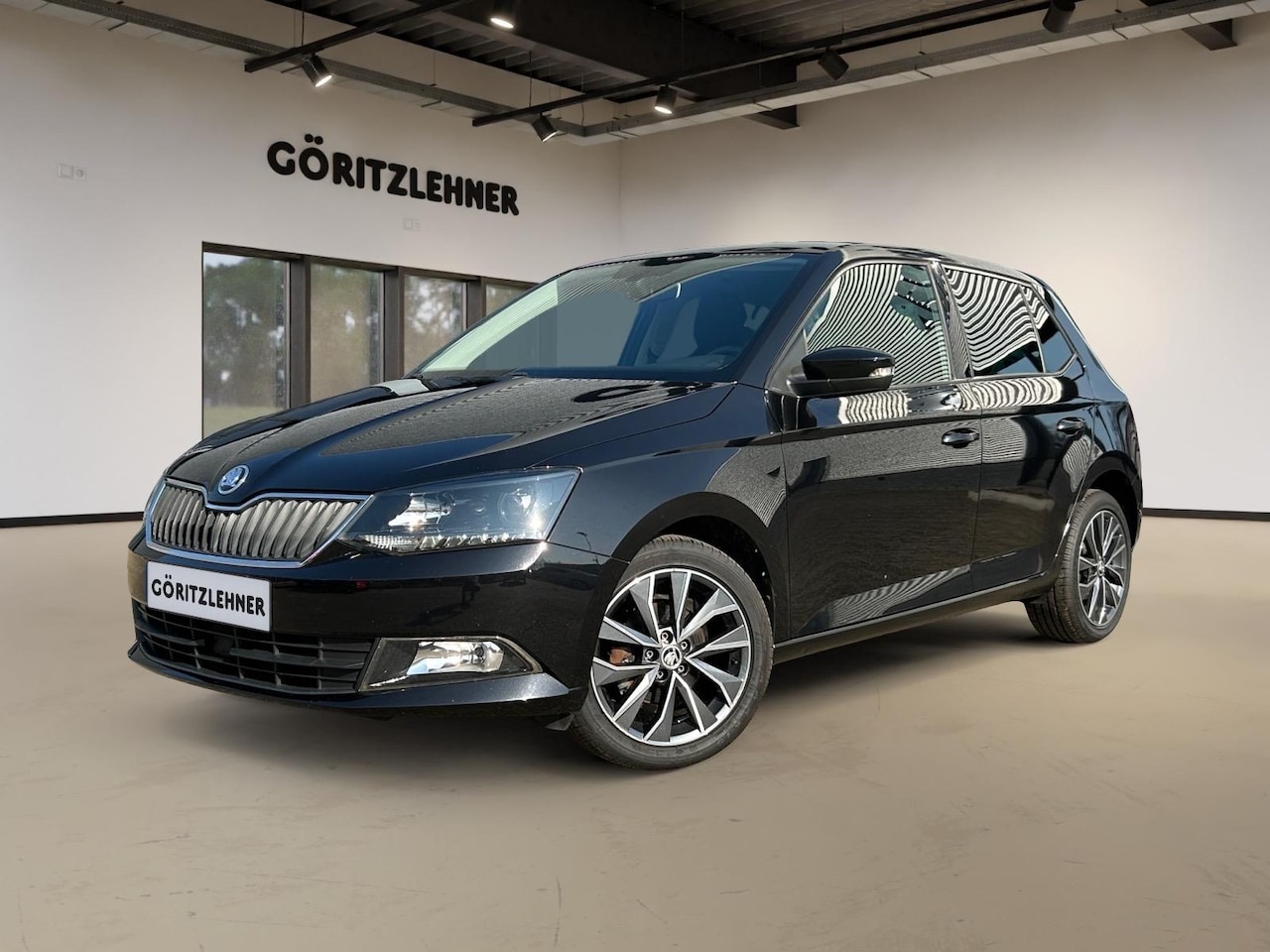 Skoda Fabia - 1.2 TSI Style | Sportstoelen | Navi | Keyless | PDC | 16" | DAB - AutoWereld.nl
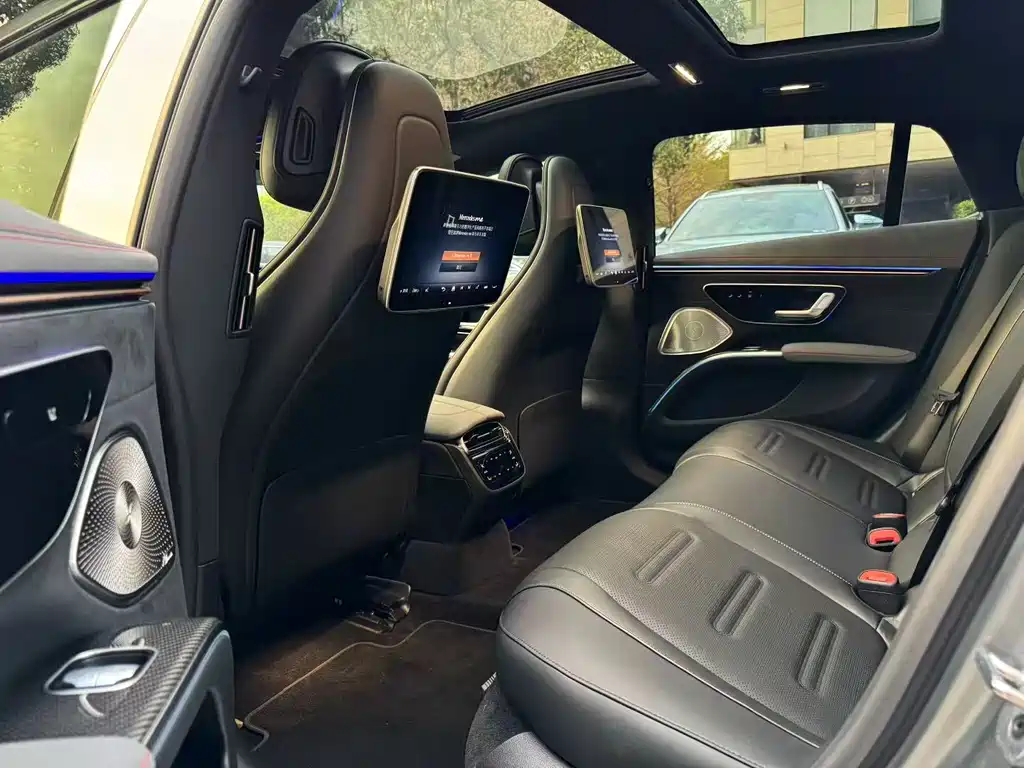 Mercedes-Benz EQS AMG 2025 — фото 10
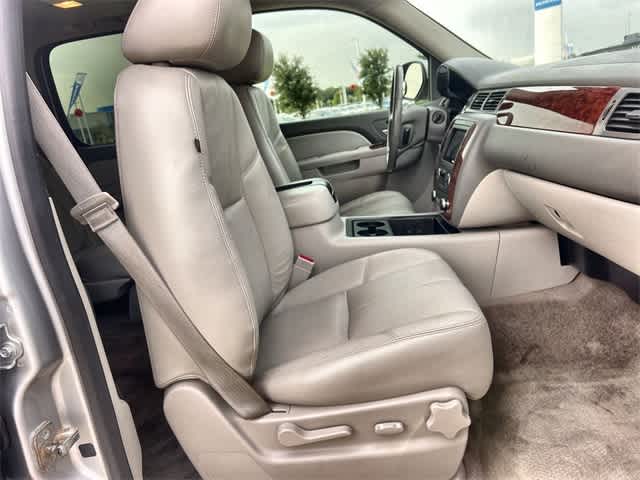 Thumbnail: 2014 Chevrolet Suburban - 12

## Work instruction
Every line of the listing is to be retyped exactly; pictures stay out.

## Task response
 Skoda Fabia - 1.2 TSI Style | Sportstoelen | Navi | Keyless | PDC | 16" | DAB - AutoWereld.nl
 Mercedes-Benz EQS AMG 2025 — фото 10
 Thumbnail: 2014 Chevrolet Suburban - 12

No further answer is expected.